In the end, Bowser pulled all of the animal regulations herself, announcing the decision at a somewhat surreal press conference about the largely routine changes to the budget she initially proposed. “We’re talking about chickens,” the mayor said at one point with a disbelieving laugh.
City Administrator Rashad Young told reporters: “The [budget] timing just fit with what we were doing. This is not a war on pets.”
When reached for comment about next steps, Bowser spokesman Kevin Harris told us in a statement last week that “we are in the process of developing an outreach approach that will include opportunities for robust discussions with the community and residents who currently raise chickens.”
The choice of Wells to lead the administration’s preliminary inquiry is a telling one.
“He’s the father of backyard chickens,” Boone told me before the DOEE director even got involved.
That’s because in 2009, when he was serving as the Ward 6 Councilmember, Wells proposed legislation to create a regulatory framework for backyard chickens.
Wells admits, though, that he wasn’t always quite so enlightened about the merits of backyard chickens or their feasibility in an urban environment.
“In all honesty, when it was first brought to me, I thought it sounded to me, how should I say, um, that it was not a reasonable request,” Wells recalls about the plea from Ward 6 parents to keep chicks that their kids had brought home from school.
But Wells promised to do some research and what he learned surprised him. “After initially thinking it sounded kind of ridiculous, I found out it wasn’t.”
Although his legislation didn’t get a hearing at the D.C. Council’s health committee and never went any further, it still managed to spark vehement debate.
“It was incredibly controversial on the listservs, especially on the Hill East area,” Wells recalls. “There was anger on both sides of the issue.
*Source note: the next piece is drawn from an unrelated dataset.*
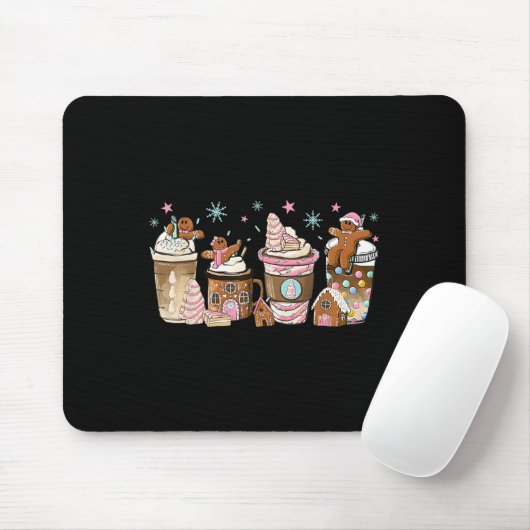 Tapis De Souris Joyeux Noël Gingerbread Cookie Café Cups Lat (Avec souris)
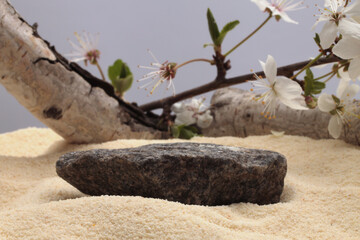 Stones platform podium on beige sand background. Minimal empty display product presentation scene.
People being anti-backyard chickens or pro-backyard chickens had people leaving the listserv for good. It was quite vitriolic.”
So when the topic resurfaced eight years later, he knew the Bowser administration would be in for another round of heated controversy.
“She asked,” Wells says, of the mayor’s request that he get involved in the issue. “But I also offered.”
While the regulations fall under the health department, there are also issues of concern that fall under Wells’ environmental purview, such as stormwater runoff. Plus, he sounds excited to dig in.
“I want to talk to people who have backyard chickens and ask them how manage waste? How much room do they think is the right amount? Do [chickens] encourage rats or mice or any other things? I’d like to get an understanding of their experiences and their techniques for mitigating impact on the neighbors, ” Wells says, with genuine-seeming curiosity.
In Stephen Boone, Alison Sheedy, and their comrades in chicken arms, he’ll find plenty of experience and enthusiasm.
“I think that there are a lot of regulations we can look at from around the country and have a discussion about the rationale for the different pieces that you might include in a regulation,” Sheedy says, pointing specifically to New York’s law as a possible model. “We feel really optimistic.”
Locally, Rockville has allowed backyard hens since 2015. Over in the other Washington, Seattle denizens have been able to keep as many as eight hens since 2010, and chicken coops have now risen to the level of a luxury apartment amenity.
“I do believe that chickens can be responsibly managed and maintained in an urban area,” Wells says. “But I think that safeguards have to be taken.”